Mais face aux poisons instillés dans notre société par le libéralisme, n'y a-t-il pas aussi urgence à mobiliser la culture ? Oui, cela aurait été un signe fort de changement d'affirmer que les crédits de la culture étaient un levier contre la crise, et devaient donc être maintenus, si ce n'est augmentés.
Ce fut d'ailleurs l'intuition de François Hollande qui, n'ignorant pas la crise, avait affirmé vouloir sanctuariser ce budget. Ce n'est hélas pas le choix qui a été fait.
Pourtant, madame la ministre, vous auriez eu un large appui populaire. Pour en témoigner, j'ai en mémoire la mobilisation de la population de Stains pour sauver son Studio Théâtre malmené par votre prédécesseur, ou bien leur mobilisation pour accompagner la renommée grandissante de son orchestre Divertimento, ou encore, plus récemment, la mobilisation de soutien au théâtre Paris-Villette. Dans vos propos en commission élargie, j'ai perçu une ambition pour votre ministère. Pourtant, le budget qui nous est soumis va à contresens de cet objectif.
Bien sûr, nous ne pleurerons pas l'abandon du projet de M. Sarkozy d'une Maison de l'histoire de France, car nous n'en partagions ni les buts, ni les moyens de réalisation.
Cependant, on peut s'interroger sur la baisse de nombreux crédits, et des activités ainsi mises en cause.
Dans le programme « Patrimoines », en baisse de 9,93 %, on note une diminution de moitié des financements pour les acquisitions, en vue de contribuer à la maîtrise des dépenses publiques. Faut-il y voir la porte ouverte à la répétition de l'épisode malheureux des manuscrits de Robespierre ? Le patrimoine historique et culturel de la France doit-il devenir l'un des nouveaux marchés ouverts à la concurrence alors qu'il représente un élément majeur de compréhension de l'histoire de nos sociétés ?
Quant au programme « Création », nous partageons la volonté de développer l'aide au spectacle vivant. Mais de quelle aide parle-t-on quand il s'agit de répartir la pénurie d'un budget contraint, en baisse de 1,65 % ? Comment aider à de nouvelles créations artistiques sans en laisser dépérir d'autres ?
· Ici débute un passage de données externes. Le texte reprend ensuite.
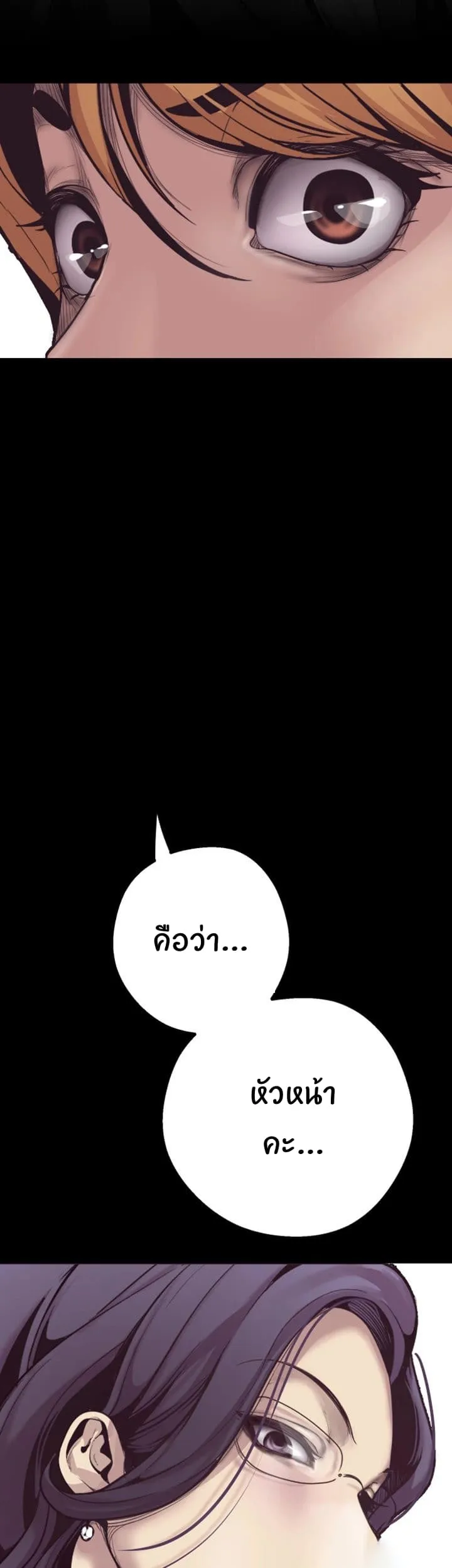 A Wonderful New World ตอนที่ 1 หน้า 79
De même, nous avons des inquiétudes pour le programme « Transmission des savoirs et démocratisation de la culture ». Concernant l'éducation artistique et culturelle, on nous parle d'une rénovation nécessaire, « qui ne peut se concevoir et se mettre en oeuvre qu'avec les collectivités territoriales et l'ensemble des partenaires impliqués ». Va-t-on faire peser sur les seules collectivités territoriales la responsabilité des choix et des moyens de cette éducation ?
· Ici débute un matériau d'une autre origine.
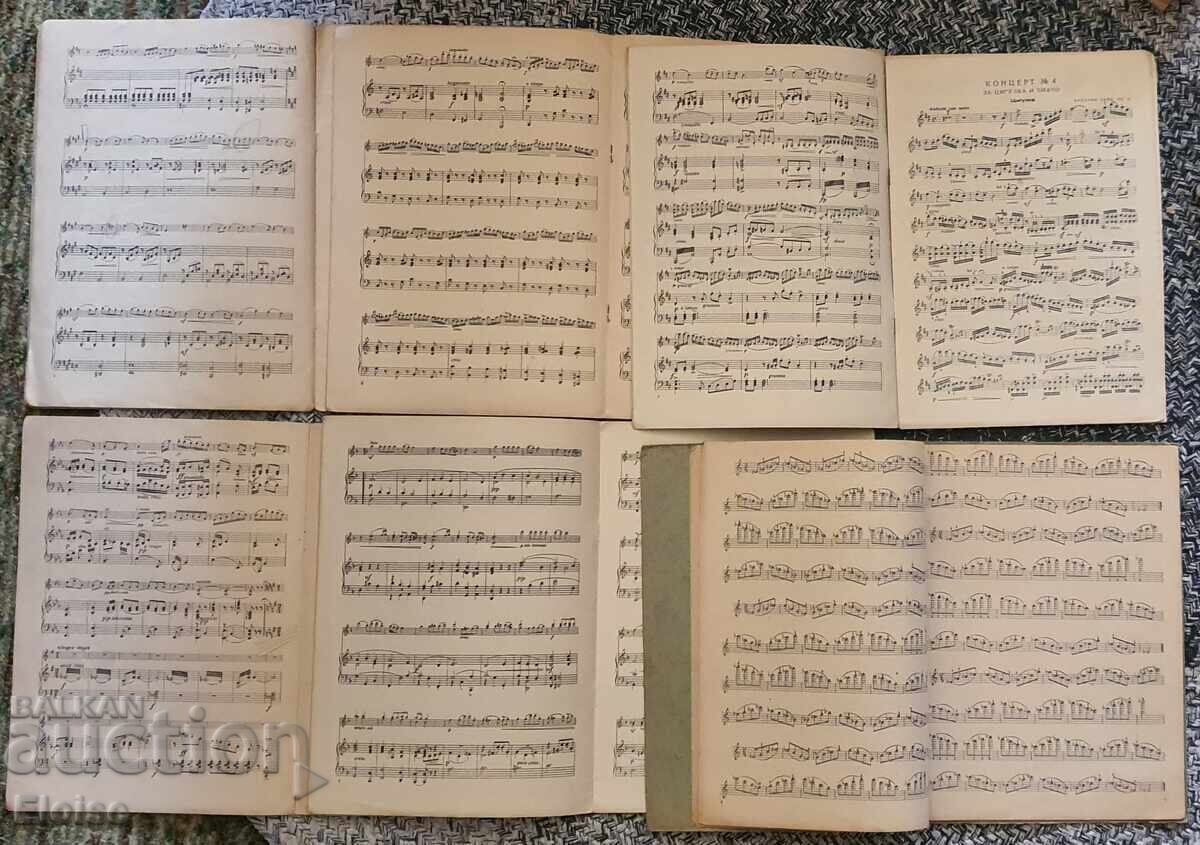 Partituri vechi bulgărești cu preț € 75.00 | 146.69 BGN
Enfin, un mot sur la ligne budgétaire « Frais financiers ». J'observe que le « tout-partenariat public-privé » de vos prédécesseurs pèse lourd sur votre budget. L'exemple du centre de conservation et de ressources du Musée des civilisations de l'Europe et de la Méditerranée, qui va ouvrir ses portes l'an prochain à Marseille, est patent, avec le versement par l'État d'un loyer de 34,6 millions d'euros pendant vingt-six ans au groupe constructeur, et avec des frais financiers de 22 millions d'euros. Nous espérons que vous allez renoncer à ce dispositif de financement.
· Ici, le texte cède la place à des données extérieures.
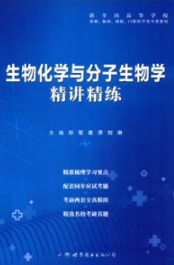 生物化学与分子生物学精讲精练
Madame la ministre – monsieur le ministre – nous avons bien noté le souhait que vous avez exprimé en commission d'obtenir un meilleur budget en 2014. Au-delà du fait qu'il faudrait pour cela revenir sur l'esprit de la loi organique, nous partageons ce souhait, et dans l'attente de sa réalisation, les élus du Front de gauche s'abstiendront dans le vote sur le budget 2013.